How PostgreSQL Compares Arrays
To understand what exactly is going on here, we first need to understand how PostgreSQL compares arrays:
Array comparisons compare the array contents element-by-element, using the default B-tree comparison function for the element data type.
When comparing arrays, PostgreSQL will go element by element and compare the values according to their type. To demonstrate:
db=# SELECT greatest(ARRAY[1, 200], ARRAY[2, 100]);
greatest
----------
{2,100}
The first element of the second array (2) is larger than the first element of the first array (1), so it's the greatest.
db=# SELECT greatest(ARRAY[1, 200], ARRAY[1, 201]);
greatest
----------
{1,201}
(1 row)
The first elements of both arrays are equal (1), so PostgreSQL moves on to the next element. In this case, the second element of the second array (201) is the greatest.
Max by Key...
Using this feature of PostgreSQL, we construct an array where the first element is the value to sort by, and the second element is the value we want to keep. In our case, we want to get the credit by the max id
:
MAX(ARRAY[id, (data->'credit')::int])
Not all events set credit, so we need to restrict the result to credit_set
events:
MAX(ARRAY[id, (data->'credit')::int]) FILTER (WHERE type = 'credit_set')

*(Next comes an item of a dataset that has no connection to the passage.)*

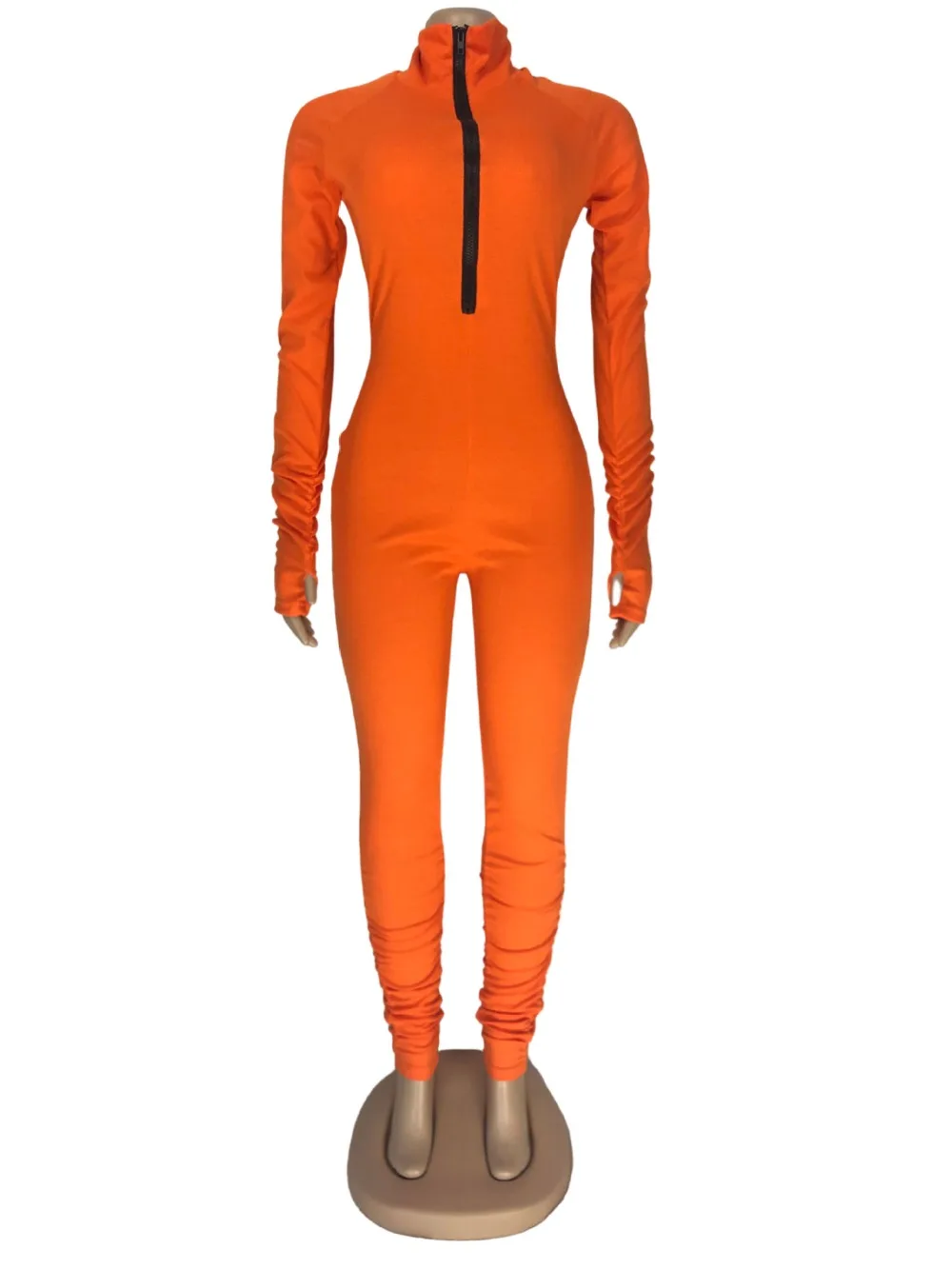 19909026965_2041789846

The result of this expression is an array:
db#=>SELECT
account,
MAX(ARRAY[id, (data->'credit')::int]) FILTER (WHERE type = 'credit_set'))
FROM
event
GROUP BY
account;
account | max
---------+---------
1 | {6,100}
We only want the second element, the value of credit
:
(MAX(ARRAY[id, (data->'credit')::int]) FILTER (WHERE type = 'credit_set'))[2]

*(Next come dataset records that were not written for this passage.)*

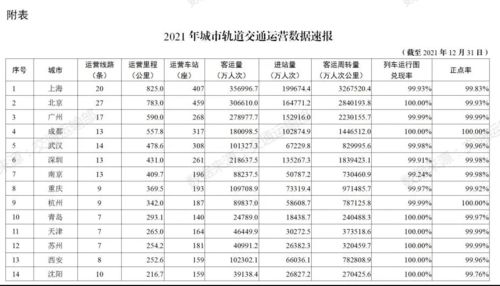 1. 天干地支到底是啥玩意儿？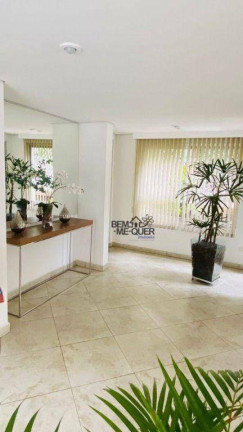 Imagem Apartamento com 3 Quartos à Venda, 80 m² em Alto Da Lapa - São Paulo Imagem Apartamento com 3 Quartos à Venda, 80 m² em Alto Da Lapa - São Paulo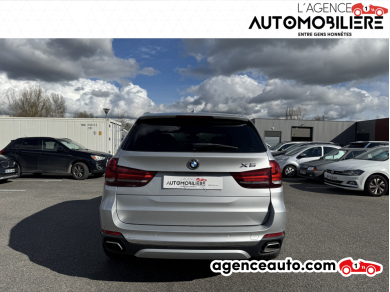 Bmw X5 — 4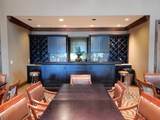 447 Corte Madera Lane - Photo 18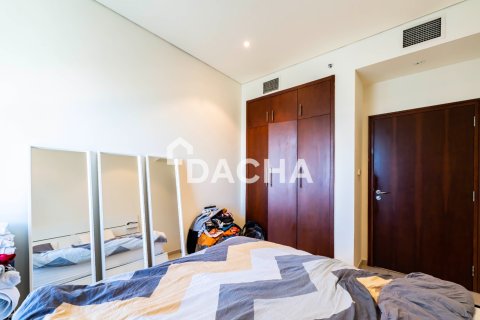 Купить квартиру в Дубай Марине, Дубай: 2 спальни, 120м², № 123099 - фото 6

And this is it! This way we can get the last credit set for each account.
Next, let's examine the execution plan:
QUERY PLAN
---------------------------------------------------------------
HashAggregate (cost=32.50..34.50 rows=200 width=16)
Group Key: account
-> Seq Scan on event (cost=0.00..17.50 rows=750 width=72)
Simple plan for a simple query!
The main benefit of this approach is that it only needs one pass of the table and no sort.
Caveats
This approach is very useful, but it has some restrictions:
caveat
All elements must be of the same type.
PostgreSQL does not support arrays with different types of elements. As an example, if we wanted to get the last credit set by date, and not by id:
db=# SELECT
account,
SUM((data->'delta_balance')::int) AS balance,
(MAX(
ARRAY[happened_at, (data->'credit')::int]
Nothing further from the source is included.